The sentiment of business leaders in France is that economic growth will be weak. In fact, it will be too tepid to deliver any cut in the unemployment rate, which has been stuck above 10 percent for the past six quarters. Given this, it is hardly surprising that President Francois Hollande’s popularity is terribly low, at 16 percent. What is a shock is the fact that this compares to an approval rating of 33 percent for his predecessor, Nicolas Sarkozy, who has been under investigation for allegedly using judicial contacts to keep a watch on a pending investigation of his 2012 campaign finances.

At the heart of the economic condition is the rate of national unemployment.

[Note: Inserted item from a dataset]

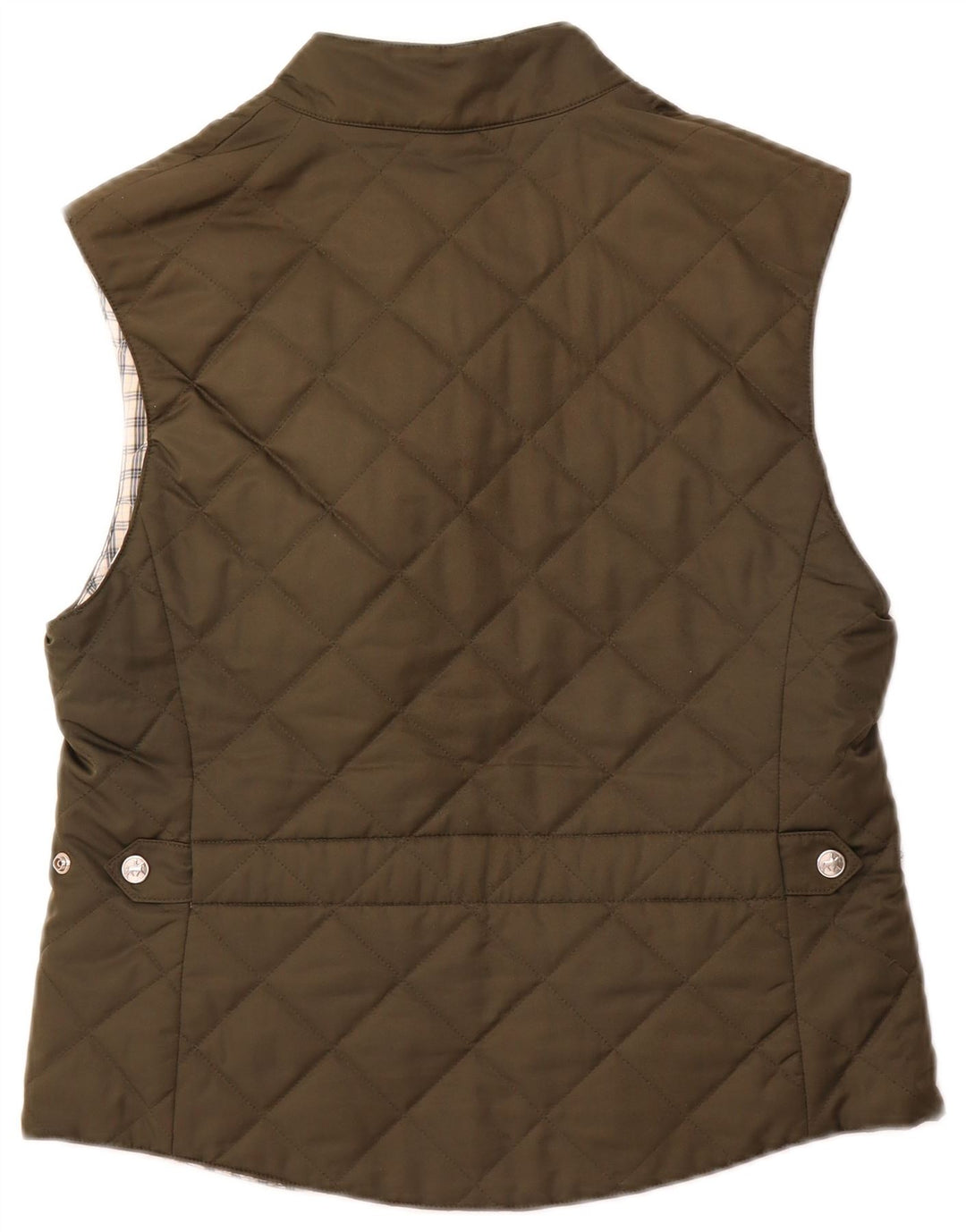 PIKEUR Gilet matlasat reversibil pentru femei IT 42 Poliester kaki mediu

This is seen as rising to 10.2 percent in Q2 this year, and risks drawing level with the record high of 10.3 percent that was booked in Q1, Q2 and Q3 last year.
In its first forecast for the whole of 2014, INSEE said the Eurozone's second-largest economy will grow by just 0.7 percent this year. This is significantly below the 1.0 percent that the Hollande administration has suggested and upon which it has based its economic and financial strategy.
Business leaders remain unimpressed by the current administration even despite attempts by the president to kick-start the economy through pledges of tax cuts for business and tax breaks for low-income households, in a bid to improve their spending power. Despite the rhetoric from the president and his leading ministers, the measure for the business climate is below the 5-year average.